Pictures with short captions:
···

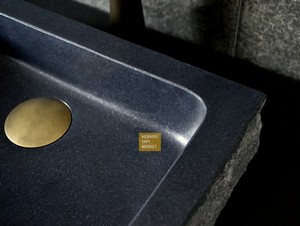 Basalt Black Wash Basin - Outside Split Face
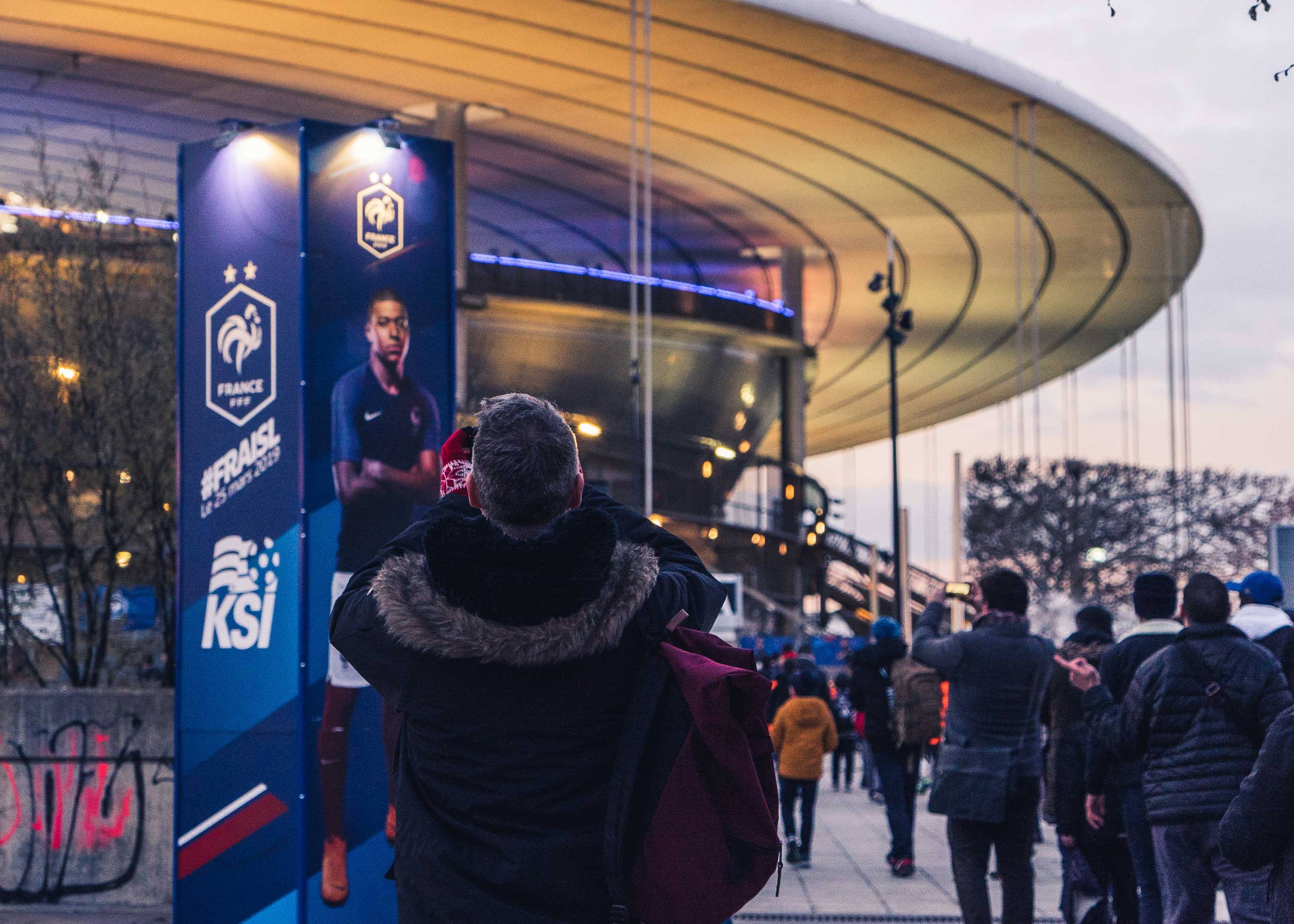 The feature image for the At The Match podcast.
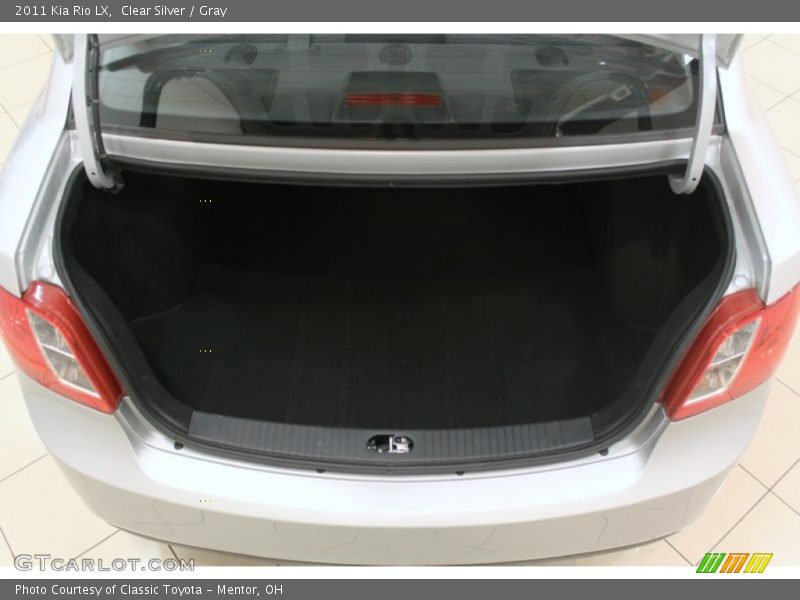 Clear Silver / Gray 2011 Kia Rio LX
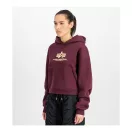 basic-big-logo-puff-print-hoodie-women-dark-cherry basic-big-logo-puff-print-hoodie-women-dark-cherry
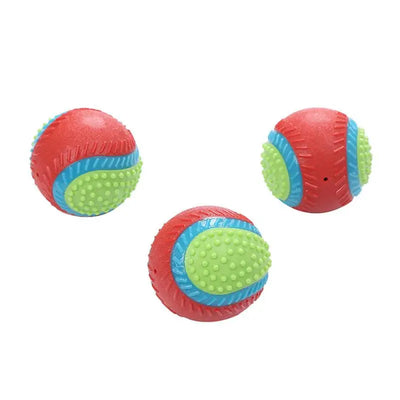 8cm Bite-resistant Pet Dog Toy Rubber Ball Beef-flavored Elastic Ball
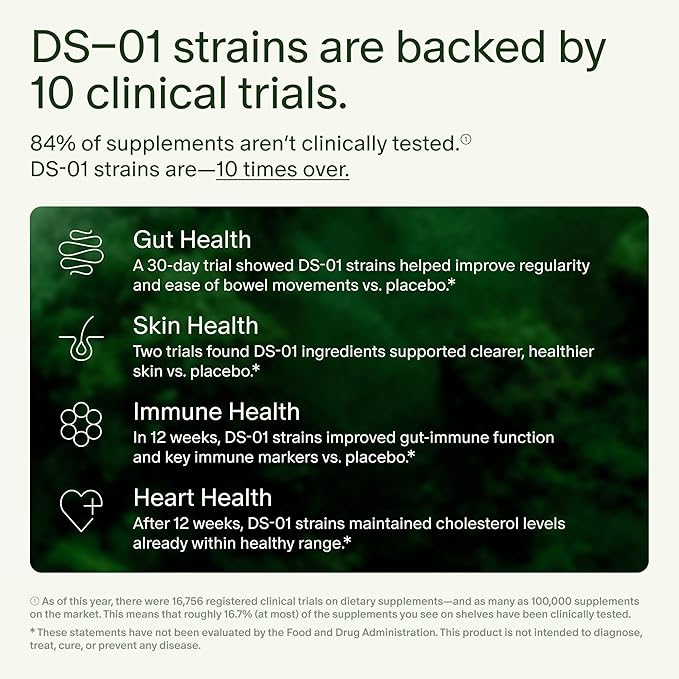 Seed DS-01 Daily Synbiotic - Prebiotic and Probiotic for Women & Men - Digestive Health, Gut Health, Immune Support, Bloating & Constipation Relief - Vegan & Shelf-Stable - 60 Capsules (30-Day Supply)-VivaGrace Women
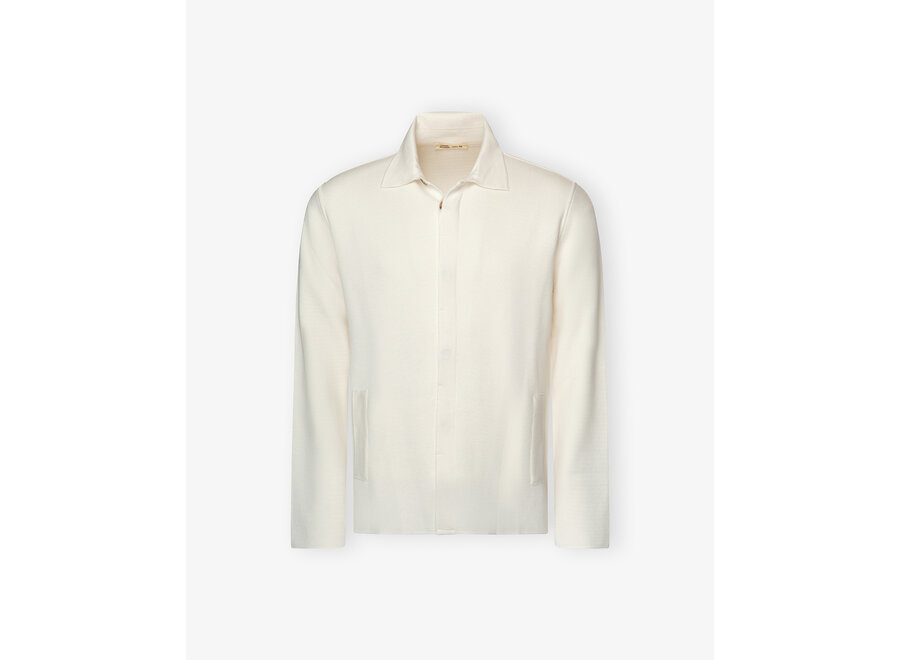 Maurizio Baldassari - Virgin wool vest hidden button - Cream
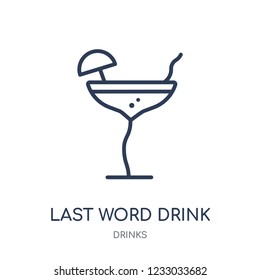 Last Word drink icon. Last Word drink linear symbol design from drinks collection. Simple outline element vector illustration on white background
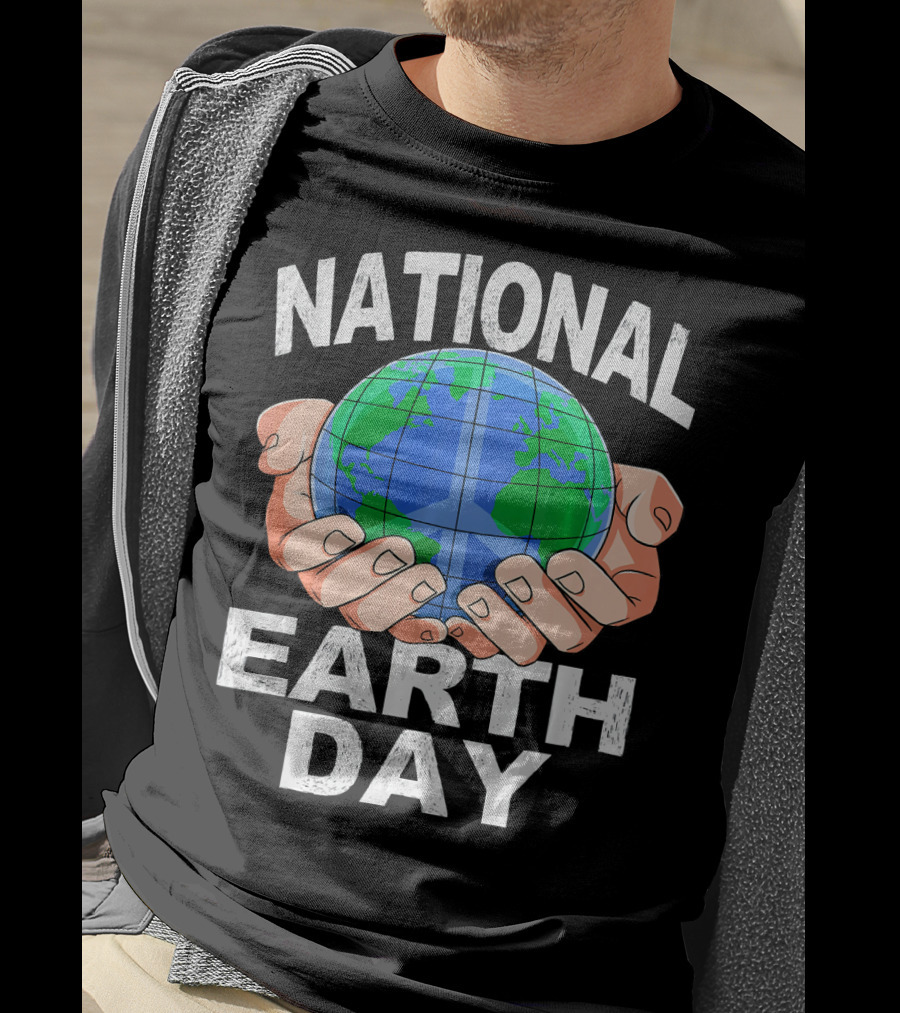 National Earth Day Nature Hands Holding Globe April T-Shirt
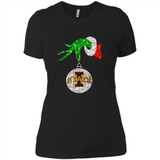 Amazing Iowa State Cyclones Glitter Grinch Monogram Ornament Christmas Gift - Ladies' Boyfriend T-Shirt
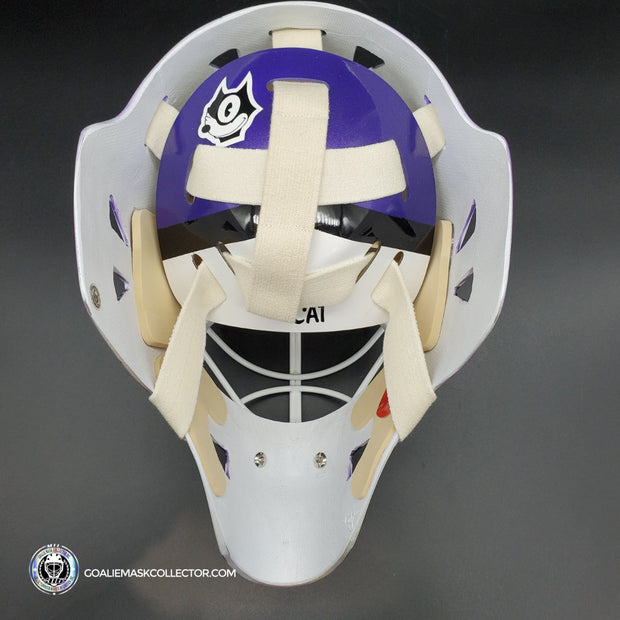 Custom Painted Goalie Mask: Felix Potvin Kings Duo Mashup Gold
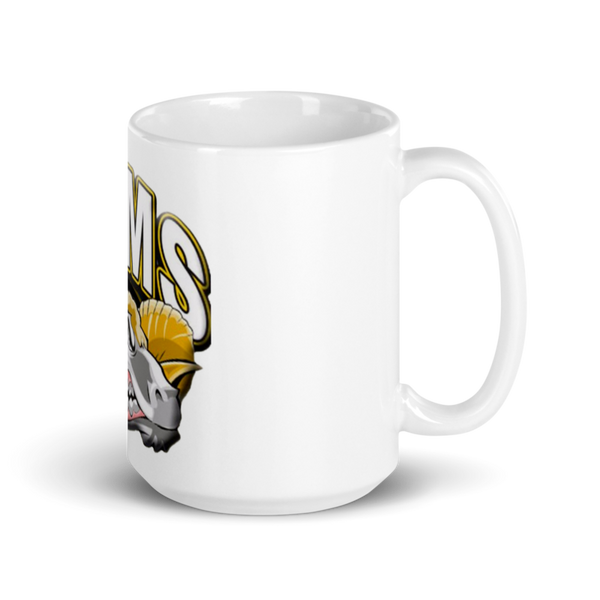 Brogden Rams 7424037 White Glossy Mug - Large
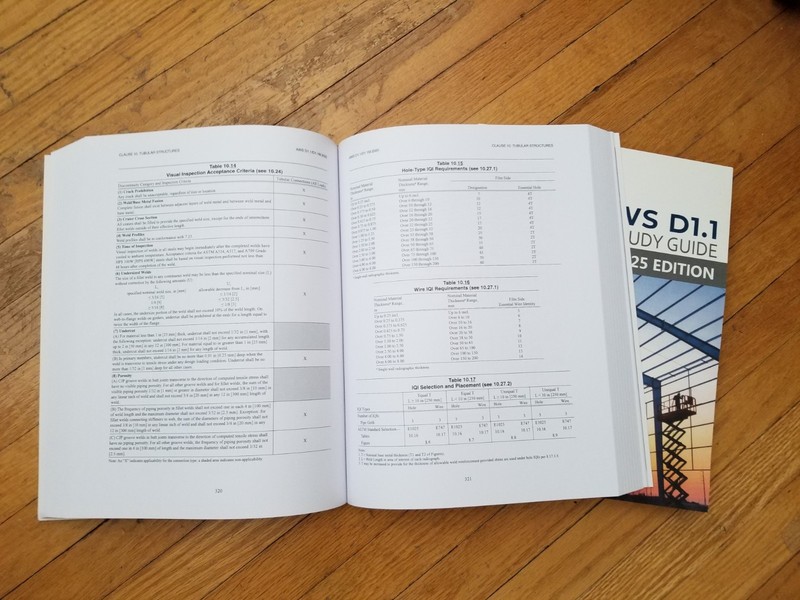 AWS D1.1/D1.1M:2025 + AWS D1.1 Code Clinic Study Guide Bundle - 2025 Editions gallery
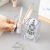 Non-Printed Transparent Acrylic Pen Holder Student Stationery Organizing Storage Box Simple Personality Desktop Sundries Storage Container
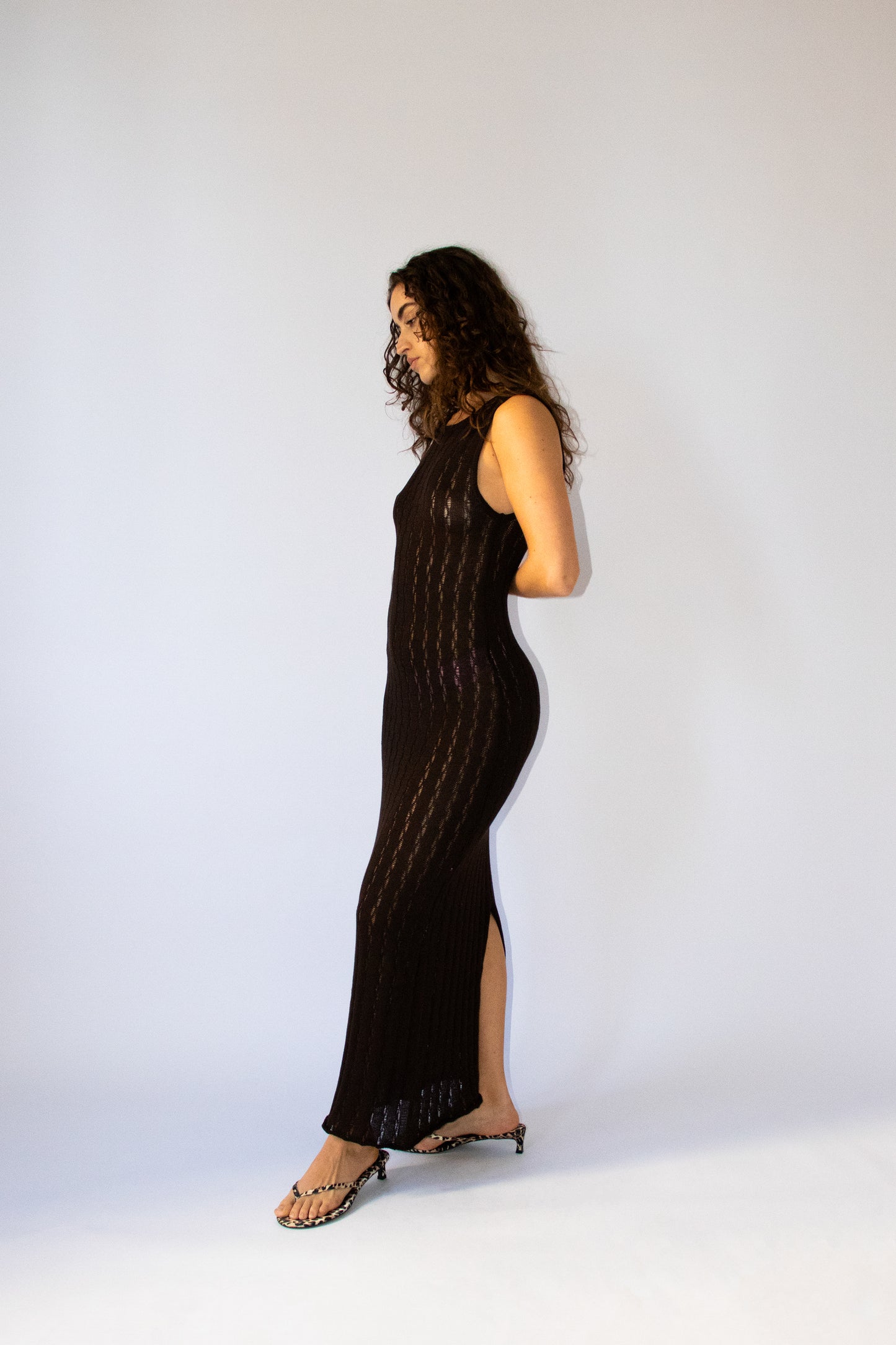 Maya Knit Maxi Dress ~ Coconut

···

* **Problem to work on**
Leave every picture out and retype exactly the lines of the records above from the one holding "Non-Printed Transparent Acrylic" through the last, both ends included and nothing besides.

* **Task output**
 Non-Printed Transparent Acrylic Pen Holder Student Stationery Organizing Storage Box Simple Personality Desktop Sundries Storage Container
 Maya Knit Maxi Dress ~ Coconut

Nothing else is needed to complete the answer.